Exercise objective:
Please restate the listing word for word, omitting the images.

Given material:

*-*-*

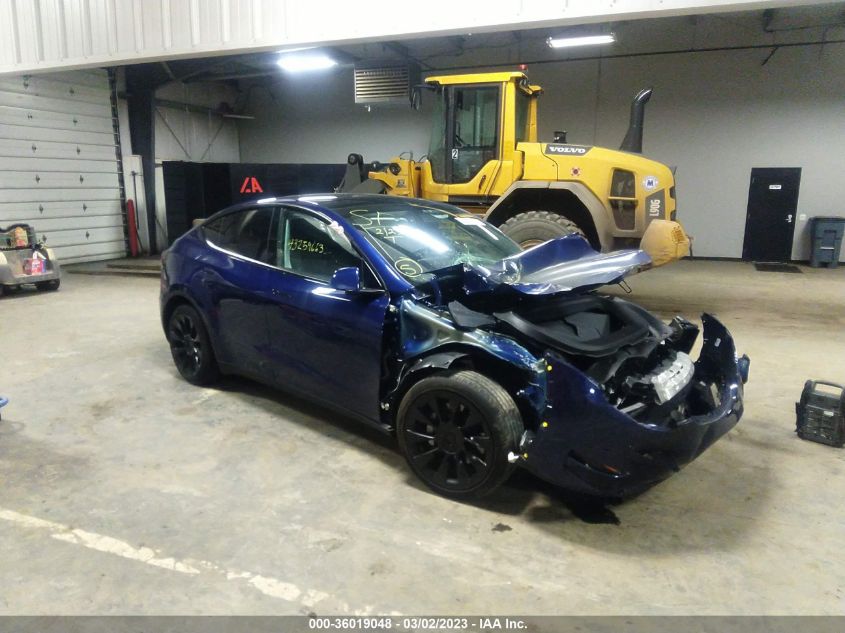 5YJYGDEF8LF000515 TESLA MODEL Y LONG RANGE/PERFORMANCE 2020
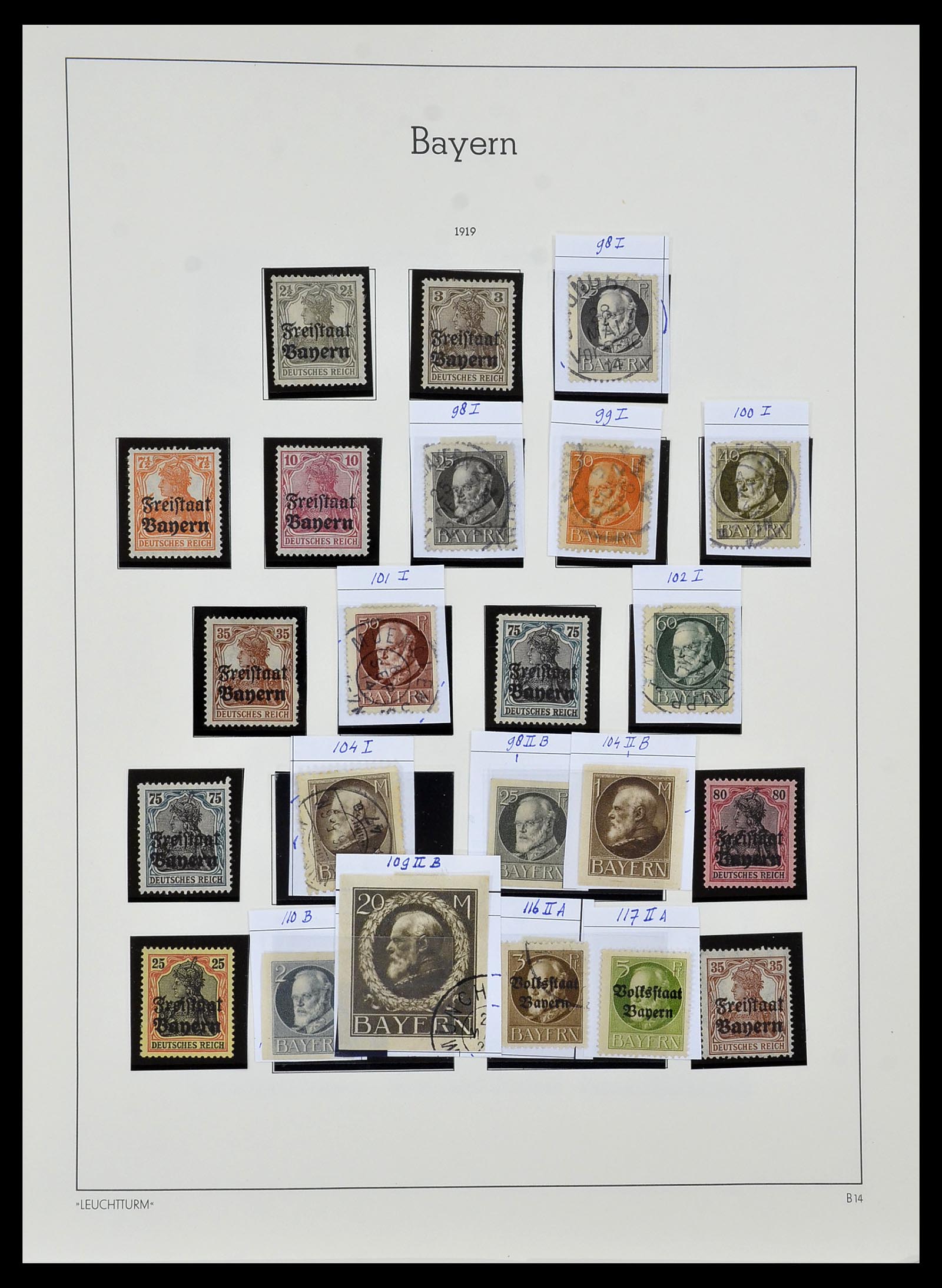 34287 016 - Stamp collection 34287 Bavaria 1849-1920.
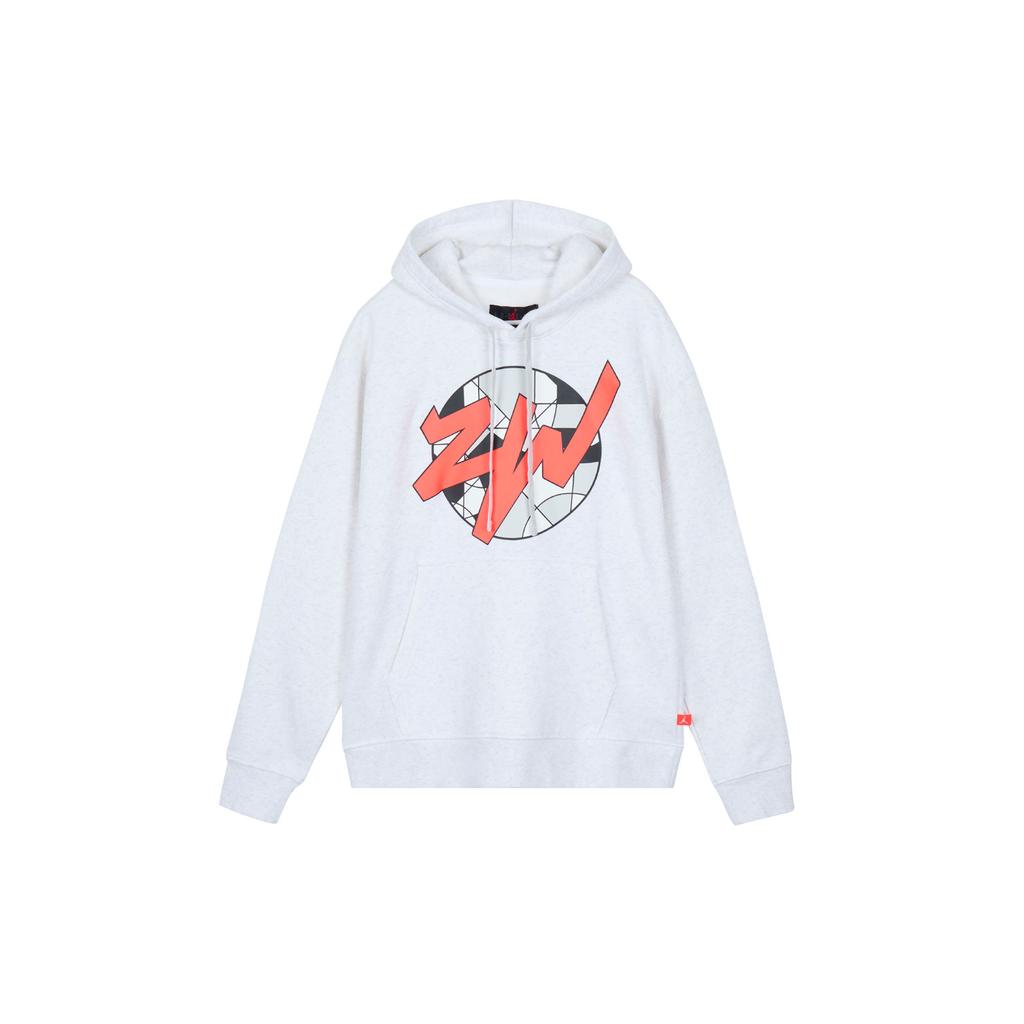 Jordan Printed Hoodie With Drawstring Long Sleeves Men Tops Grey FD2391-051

*-*-*

Exercise result:
 5YJYGDEF8LF000515 TESLA MODEL Y LONG RANGE/PERFORMANCE 2020
 34287 016 - Stamp collection 34287 Bavaria 1849-1920.
 Jordan Printed Hoodie With Drawstring Long Sleeves Men Tops Grey FD2391-051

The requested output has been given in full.